Pretty please?-40hz (June 21, 2010, 06:09 PM)
Okay, to put your mind at ease, I will answer backwards...
1) Yes, I do work for an internal print operation. I am a one man shop and do everything from design (abit unofficially), setup, print, QC, package, and ship.
2) No I don't do any color checking or any of that kind of QC. I basically make sure it looks like the original and (maybe, if I catch it, I look at dates, names, that kind of thing - but that is outside the scope of my job and is more of a "value add" that I provide for customer service)
3) What I get paid for is my IT skills and experience. I was thrown in there because they they laid off all contractors and basically backfilled all empty positions with anyone that they deemed extra, which is to say if bare mimimum manning was 5 people and they had 6 or 7 (to cover vacations, busy times, etc), they cut it to 5 and used the extra 2 people to backfill. I was one of those "extras" that was thrown into the printroom to man the printing.
3a) That said, what most printers that I deal with (we have a lot of overflow print jobs that get outsourced so I deal with many print houses in my area) pay for is a designer that can, to a lesser extent run the printers. They *MAY* have a specialist that schedules and runs print jobs sent to the printer, but generally the person who does the QC and finishing is also the designer who sets up the job.

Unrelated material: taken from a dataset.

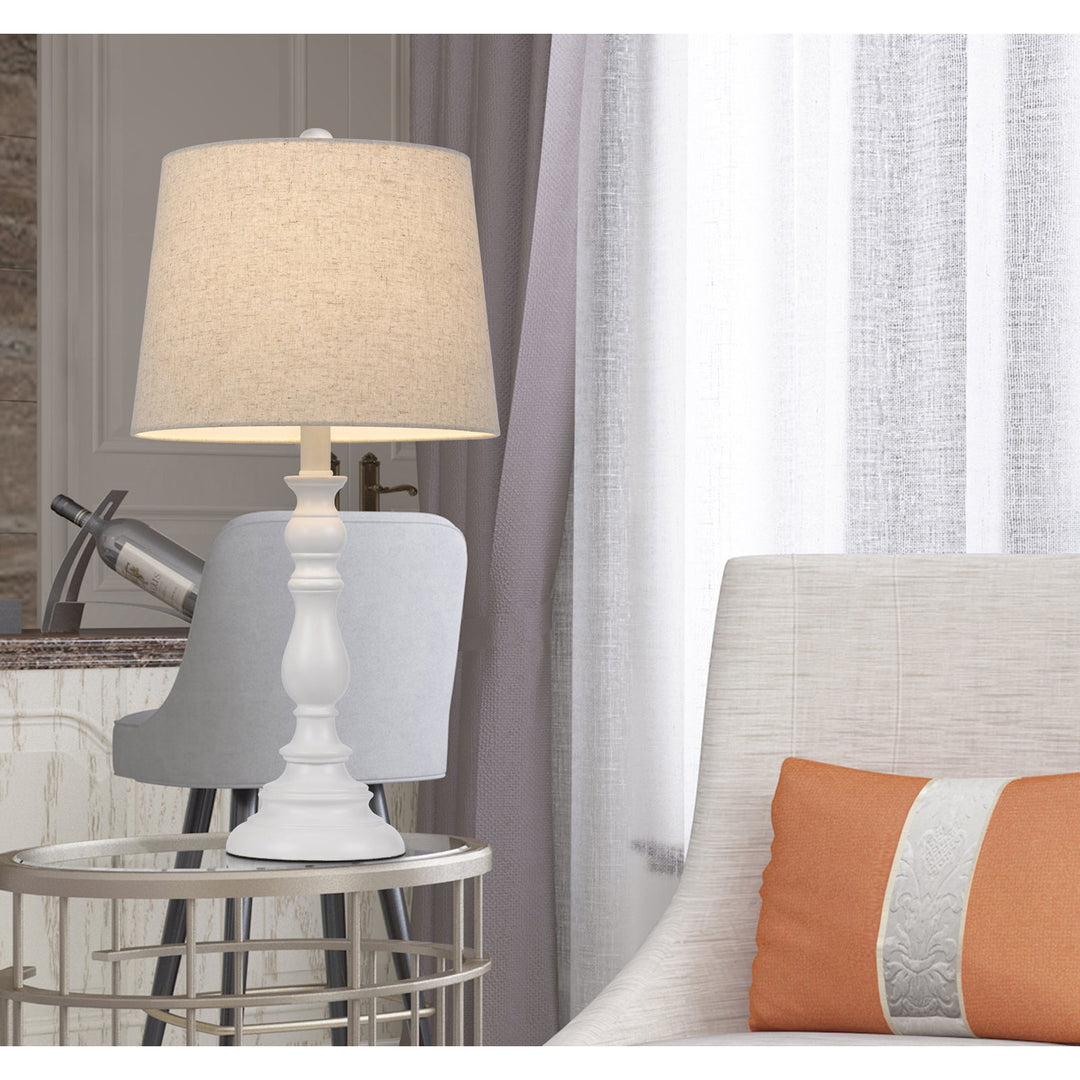 60W CHESTER RESIN TABLE LAMP WITH HARDBACK TAPER DRUM FABRIC SHADE (SOLD AS PAIRS) Cal Lighting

3b) The bad news is that is not ALWAYS the case. Where a traditional offset printing press goes digital, they often retrain the pressman to be that specialist, which means they usually end up just filling paper, scheduling and printing the jobs and handing it back to the designer. It is a deadend job, but it does keep the outdated skilled laborer employed until retirement if they are too old to make it worth training them or just unable to grasp design. In either case, it is cheaper than paying the unemployment and retaining, and at the same time makes for good employee relations.
Hope that puts much of your fears to rest so there are not bad nightmares.